### WORK INSTRUCTIONS
From the entries below, return only the lines starting at the one that contains "Чехол с кармашком" and ending at the one that contains "Puffer Down Camo Army Jaket Size M", exactly as they stand.
==== SOURCE MATERIAL ====
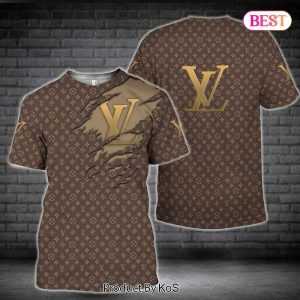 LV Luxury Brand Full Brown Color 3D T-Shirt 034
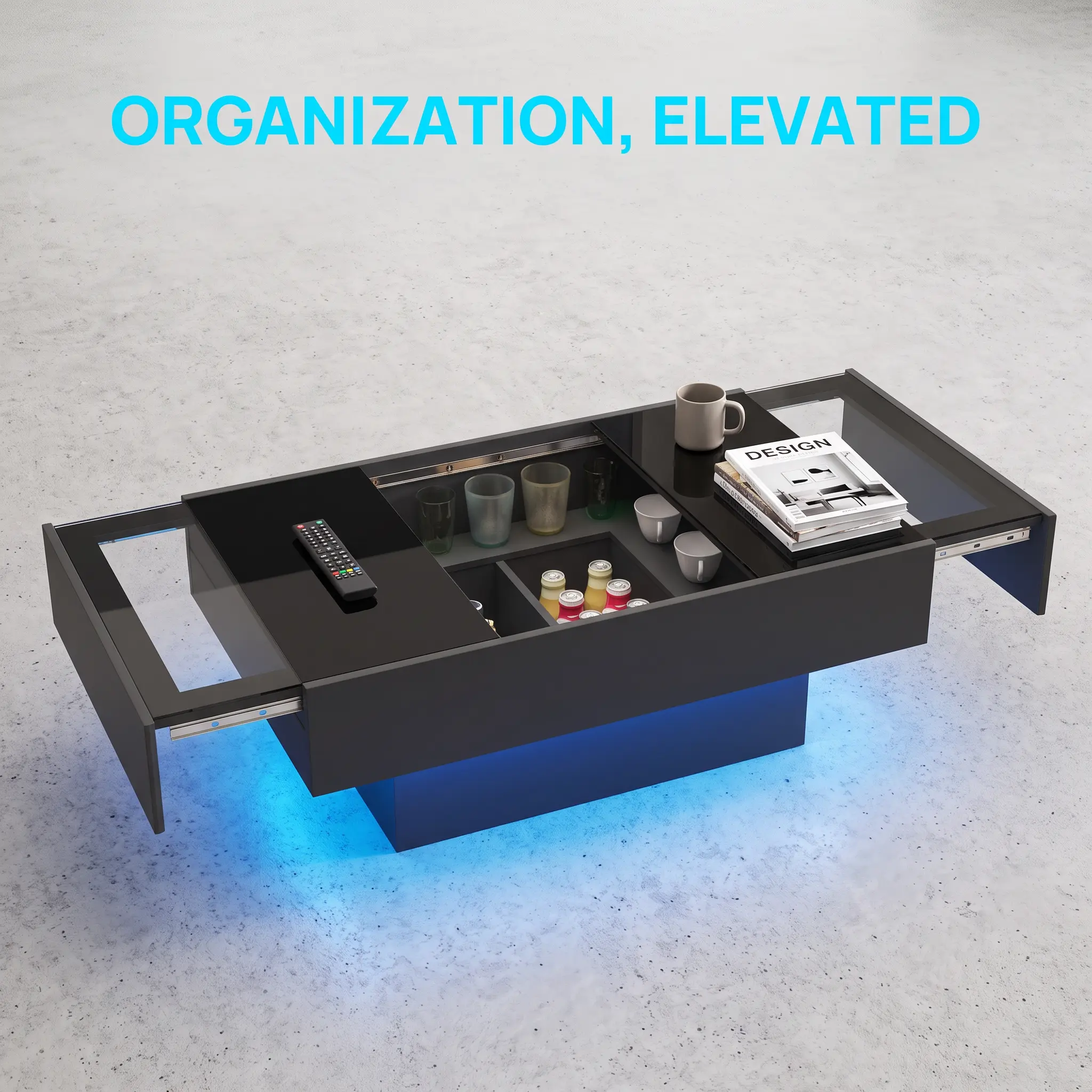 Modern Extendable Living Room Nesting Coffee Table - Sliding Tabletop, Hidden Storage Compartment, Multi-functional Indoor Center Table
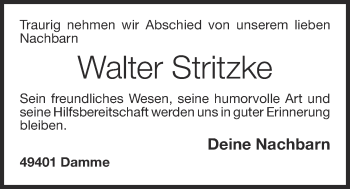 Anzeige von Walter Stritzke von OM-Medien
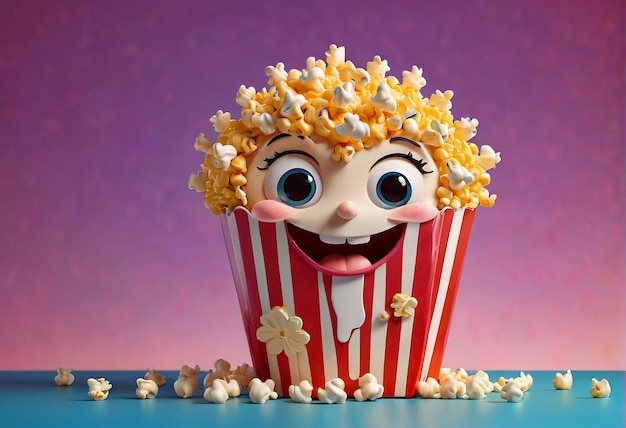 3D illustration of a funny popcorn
====
==== SOURCE MATERIAL ====
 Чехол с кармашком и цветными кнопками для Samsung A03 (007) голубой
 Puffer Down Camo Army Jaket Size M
====
==== SOURCE MATERIAL ====
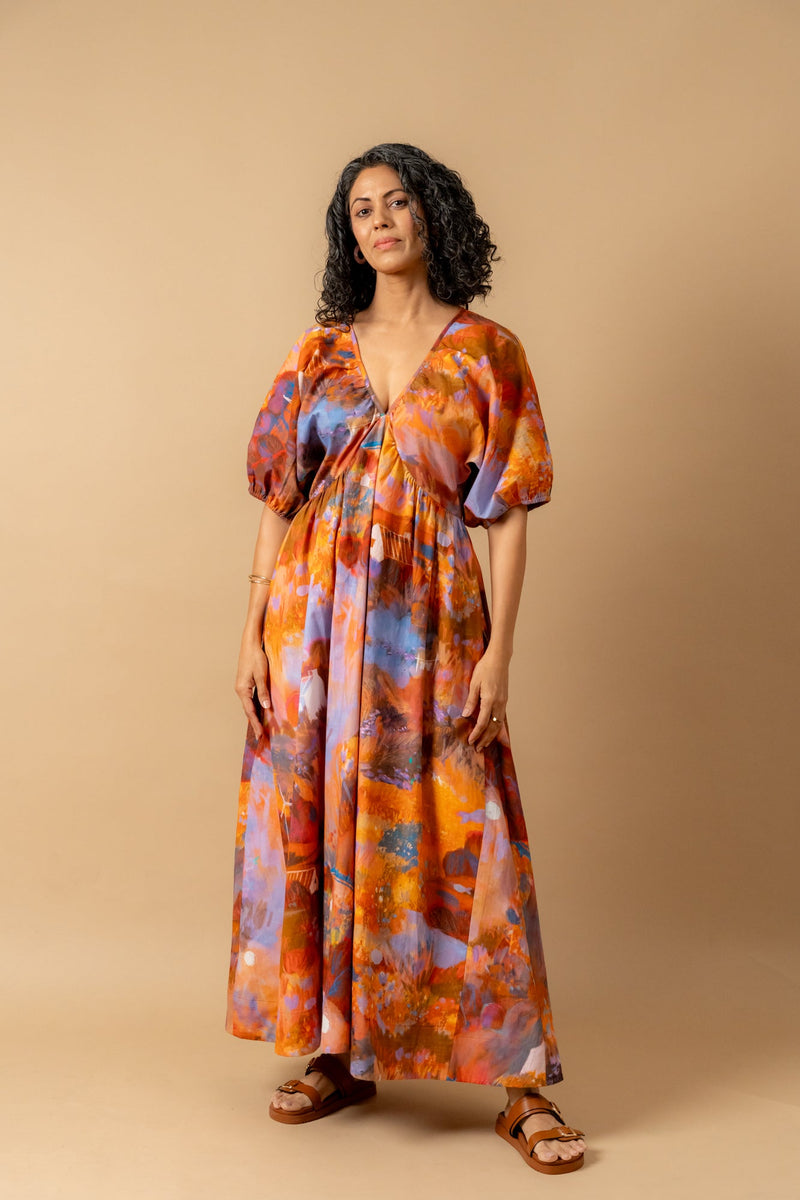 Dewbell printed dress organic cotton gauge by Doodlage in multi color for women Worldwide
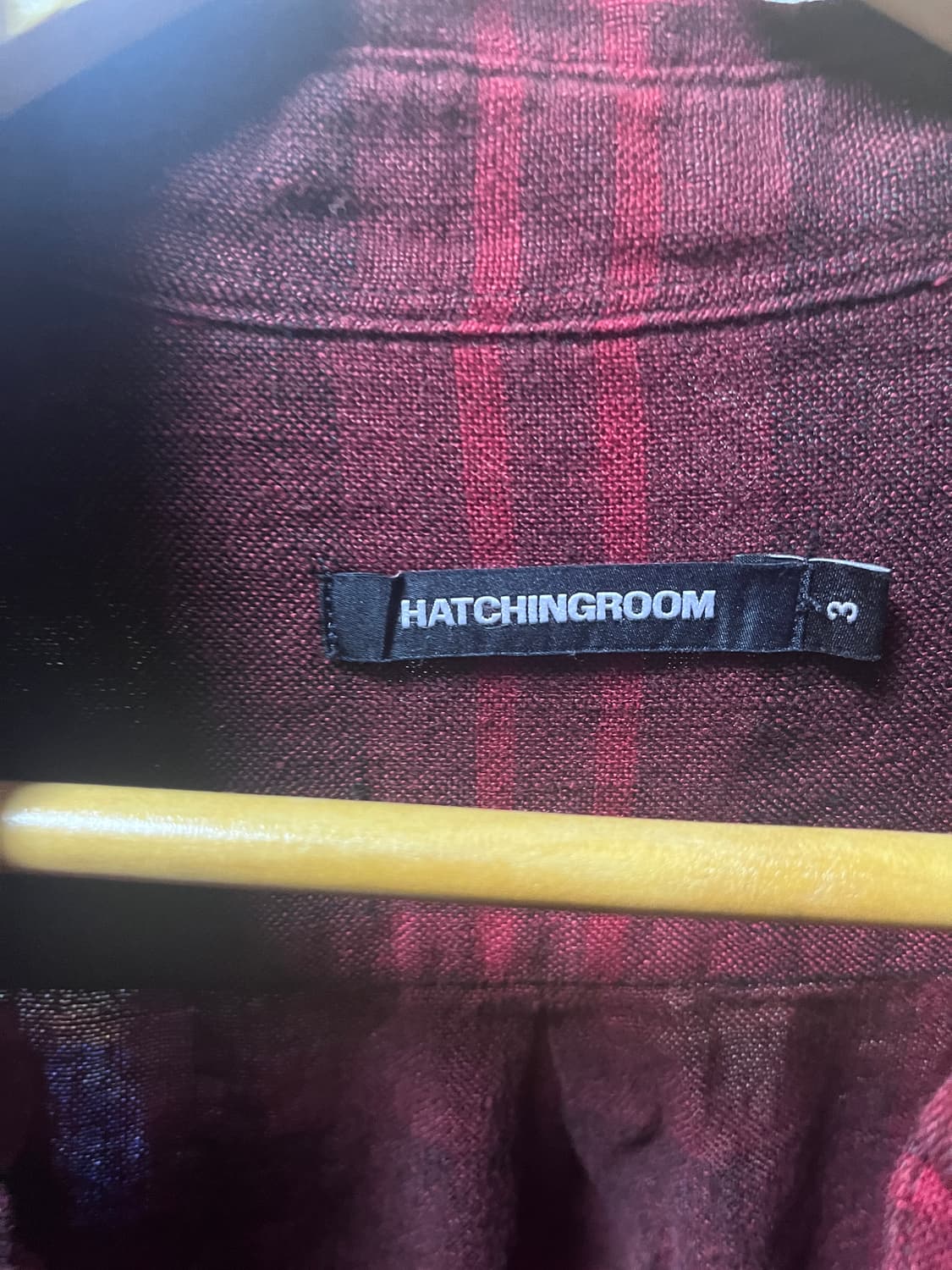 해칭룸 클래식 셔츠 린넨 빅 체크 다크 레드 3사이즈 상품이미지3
====
### SOLVED EXERCISE
 Чехол с кармашком и цветными кнопками для Samsung A03 (007) голубой
 Puffer Down Camo Army Jaket Size M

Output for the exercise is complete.